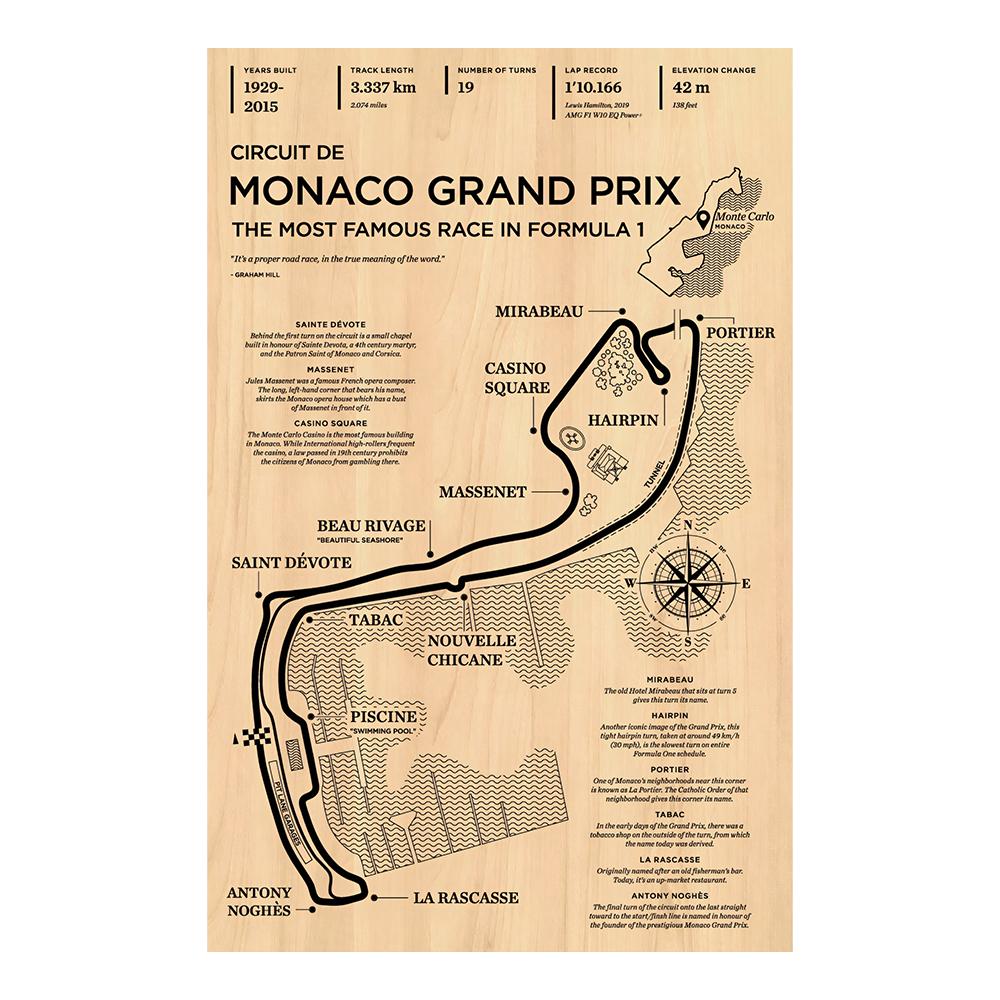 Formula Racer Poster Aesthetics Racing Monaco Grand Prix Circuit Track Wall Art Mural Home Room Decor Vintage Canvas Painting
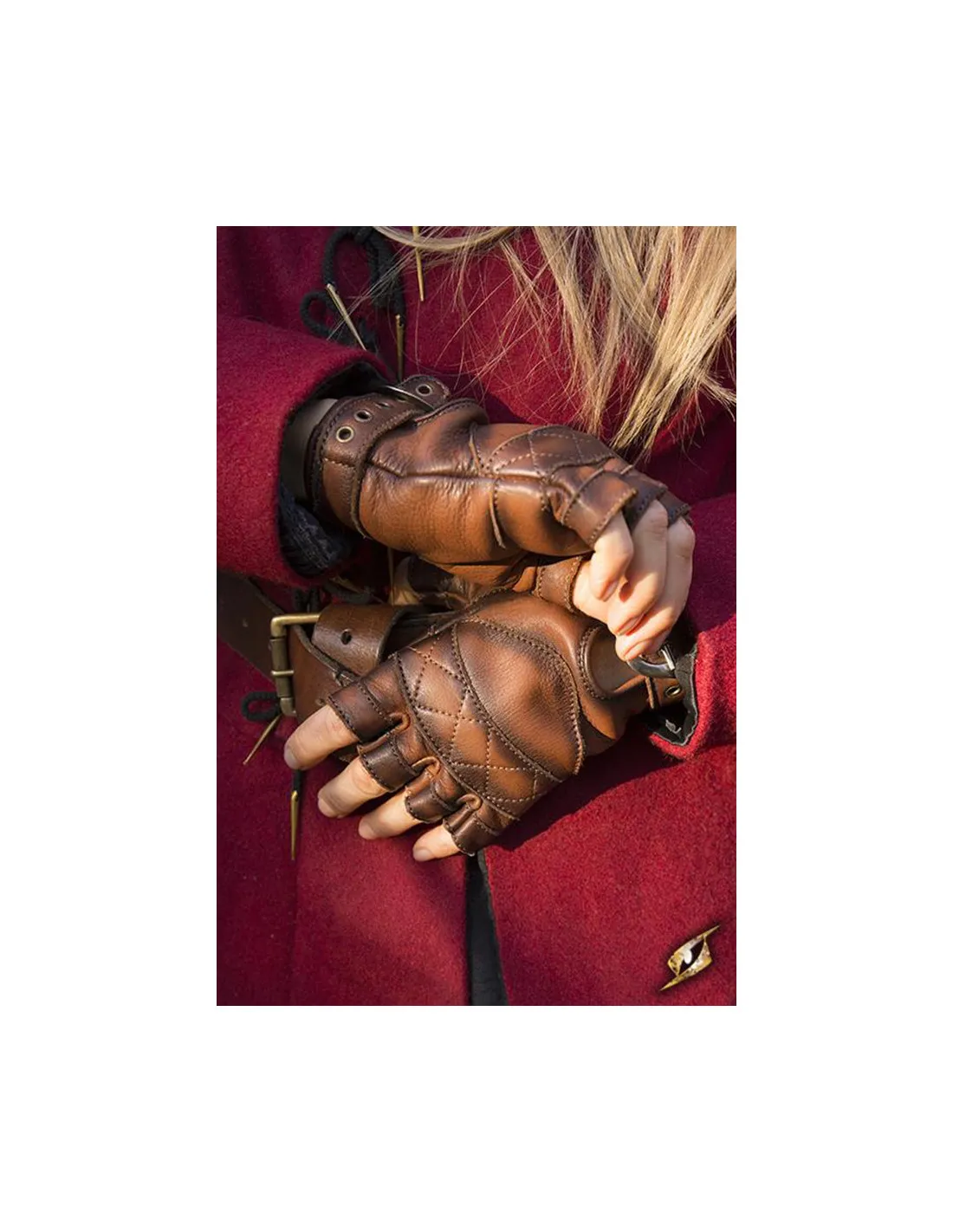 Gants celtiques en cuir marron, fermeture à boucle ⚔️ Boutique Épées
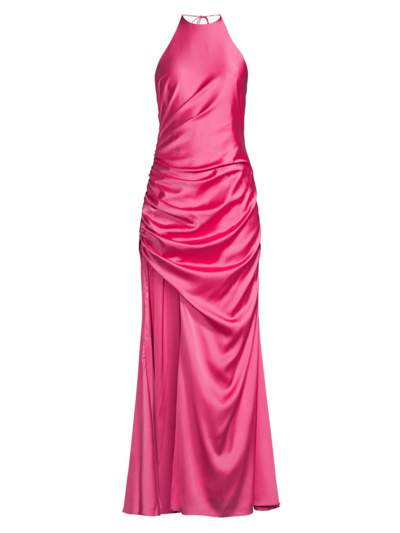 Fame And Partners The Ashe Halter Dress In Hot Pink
--------------------------------------------------
**WORK TO BE COMPLETED:** Every line from the one holding "Gants celtiques en" through the final line of the data above is to be reproduced exactly, both ends included, with the pictures left out.

**EXPECTED ANSWER:**
 Gants celtiques en cuir marron, fermeture à boucle ⚔️ Boutique Épées
 Fame And Partners The Ashe Halter Dress In Hot Pink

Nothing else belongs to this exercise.